|
Gaffi stick primed and ready |
I love the days up in northern Michigan when we have nothing planned, especially when I have a project like our friend R2-M5. I worked for 8 hours today. I had a lot of little things to do today and one really big goal to tackle. Starting with some of the little stuff, I multitasked and also did some prep work for the larger task as well.
My gaffi stick needed some attention so I primed it early in the hopes of getting a second coat on it before going to Traverse City tomorrow and getting some new spray paint. I also had to correct some mistakes to my legs and horseshoes. The other day I tried taping off and papering the horseshoes so I could chrome the inside rings to make them look like metal. I did a pretty good job taping but then I thought, "I can just paint them upside down because I don't care about the bottoms." Great ideas usually have some sort of consequence to me, in this case because I had paper on them (now on the bottom) the spray paint splattered under the paper and onto the white horseshoe in places. That was one of the corrections that I had to make. The second was just touch ups on the legs. I had been touching the legs quite a bit while getting the four hole/six hole conundrum figured out. In playing around with them and handling the bolts, I smeared dirty fingerprints on several places and couldn't get them completely washed off. Repainting was the easiest and cleanest option.
|
Chrome painted inside |
|
First painting of the day |
While waiting for those parts to dry, I started on my big job for the day getting the skins done. I had cut out all of the pieces of the skins and filed down the burrs yesterday. First thing to do was to wash the pieces and make sure any oxidation was cleaned off so the paint would adhere.
|
Washing the panel of the skins |
After the skins were sufficiently dry, self etching primer (wait 1 hour) was applied then two coats of white primer + paint 10 minutes apart. Because I painted them in the most natural position, the paint ran a little bit and collected in certain areas. I wait another hour and then sanded those areas to repaint and everything turned out ok. I would stand up the skins if I had to do it again.
|
First coat needed to be sanded. |
While I was waiting for the paint to dry, I went over to the panels and glued them together. There are thin rounded pieces that are part of the "outer" skin that adhere to the rectangle "inner" skin pieces to make the different panel doors on R2. Once they have all been cut out and burrs removed, you have to reattach each door and frame. I am using E6000 silicone adhesive for this. It is easy to work with, adheres very strongly, and can be removed (with great effort) if it ever needs to be down the road. But, make sure you use it outside, the fumes are crazy strong even a day after the piece has been cured. The glue does need about 30 minutes to really adhere well before taking your clamps off, some pieces need a bit longer.
|
Clamping the frames to the panels |
Once the skins were dry and I had finished with the panels, I switched places. The panels went over the the spray paint area in the woods and the skins came out to the deck with me for more gluing. There was a debate online and with my wife about whether we should paint the inner and outer skins white, do them glued together or not, or whether to leave the inner skins aluminum and paint the outer skins separately. The reasoning on the website was that canon for some of the screen R2s is all white, but guys say that an all white droid does not photograph well because a flash will white out all of the panels and there will no definition. The next school of thought is that if you do paint both white, that is fine, but you probably need to weather the droid to get some dark colors into the nooks and crannies for great looking photos. The final idea is to leave the inner skins aluminum, giving the panels a darker inside color, and paint the outer one white thus giving some definition. Stephanie wants a clean droid, at least to start, so we opted for the aluminum inner skins and white outer. When I did finish them and put them on the frame, they look great and they really do give some shadows for the pictures.

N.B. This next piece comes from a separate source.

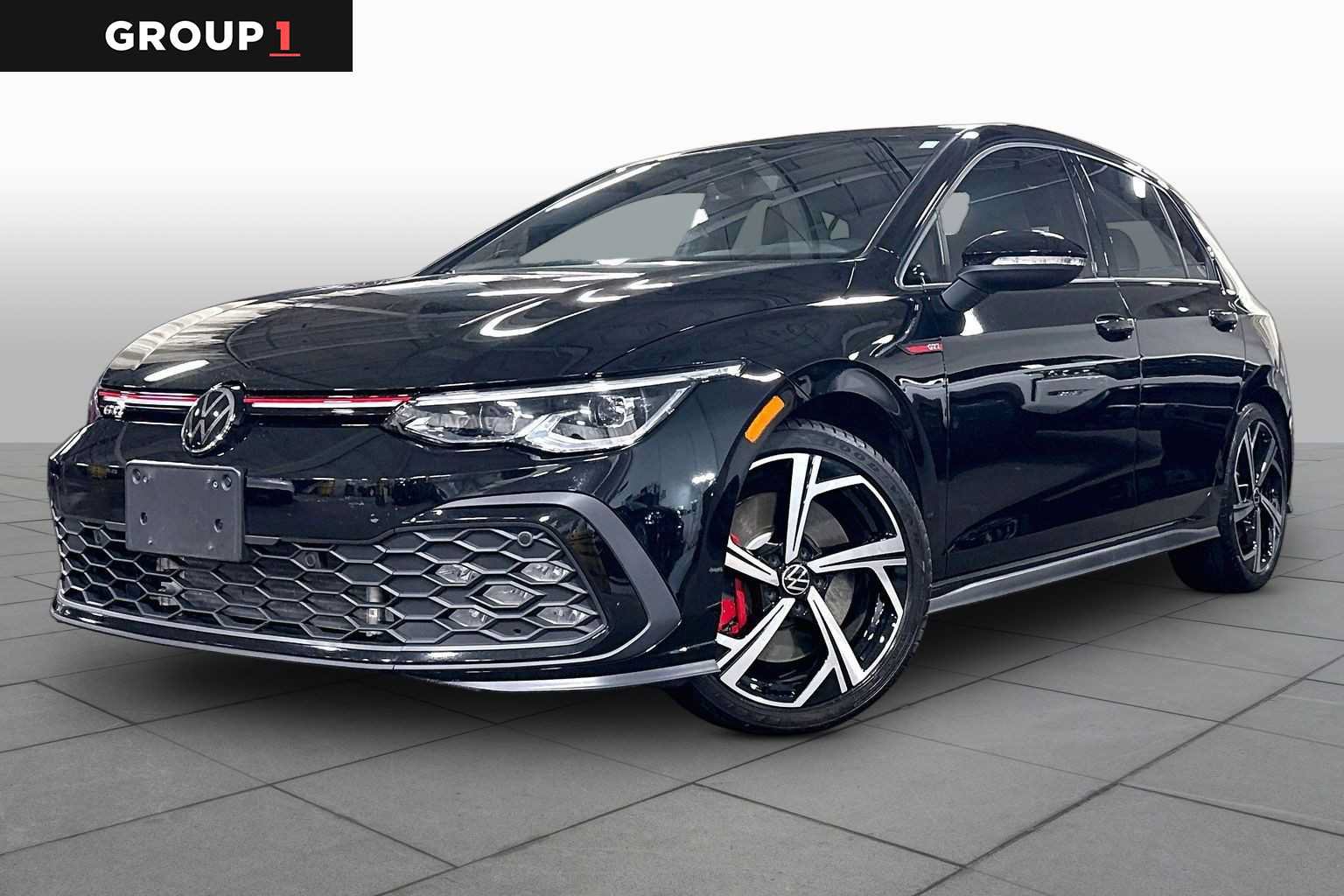 Used 2024 Volkswagen GTI SE FWD image 1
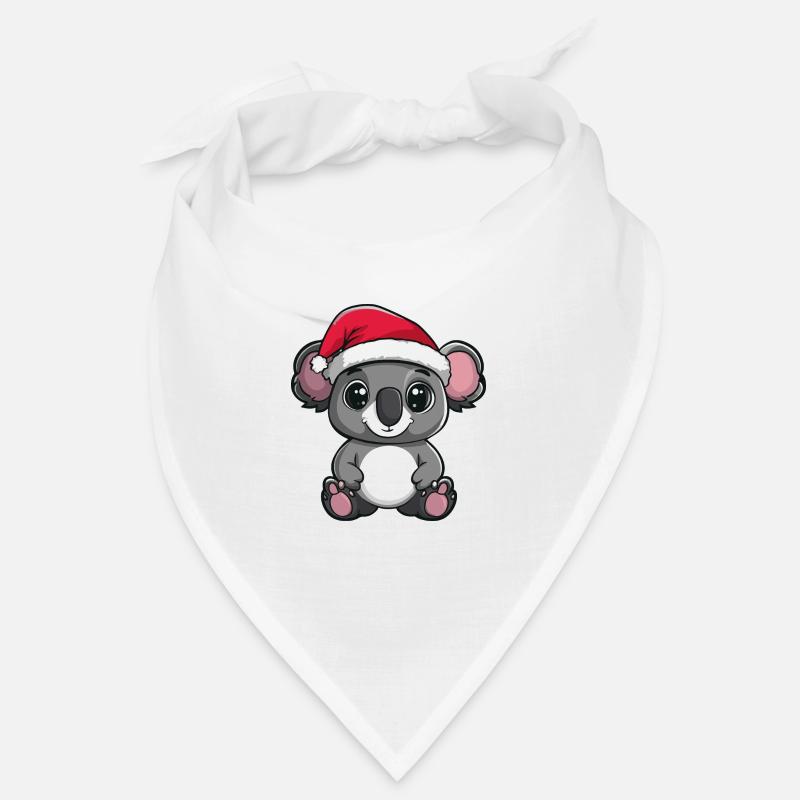 Koala Noël mignon Bandana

Gluing the frame together was a slow process, but there were plenty of other little things to while waiting. I had some touch-ups to make on a few of the leg details. The iodized red spray paint has been a vexing product since the beginning. I love the look of it but it has caused so many problems. After the front skins were done, I taped in the panels for now not knowing which ones will be attached to hinges. The back skins had a lot more to do because it is covered with panels and there is the rear door to attach as well. When it is all completed I attached them to the frame*.
|
Lots of clamps |
|
The trashcan and me |
|
Looking like R2-M5, no longer a naked droid |
|
See that definition |
*for those reading for instructional purposes: I pre attached the inner skins to find the proper placement for the holes to drill. There were mistakes made but it doesn't matter on the inner skins because they will be glued to the outer skins. Once the outer skins were glued on, I drilled a hole from the inside through the hole I already tested on the inner skin. This made it clean to screw the completed skins onto the frame.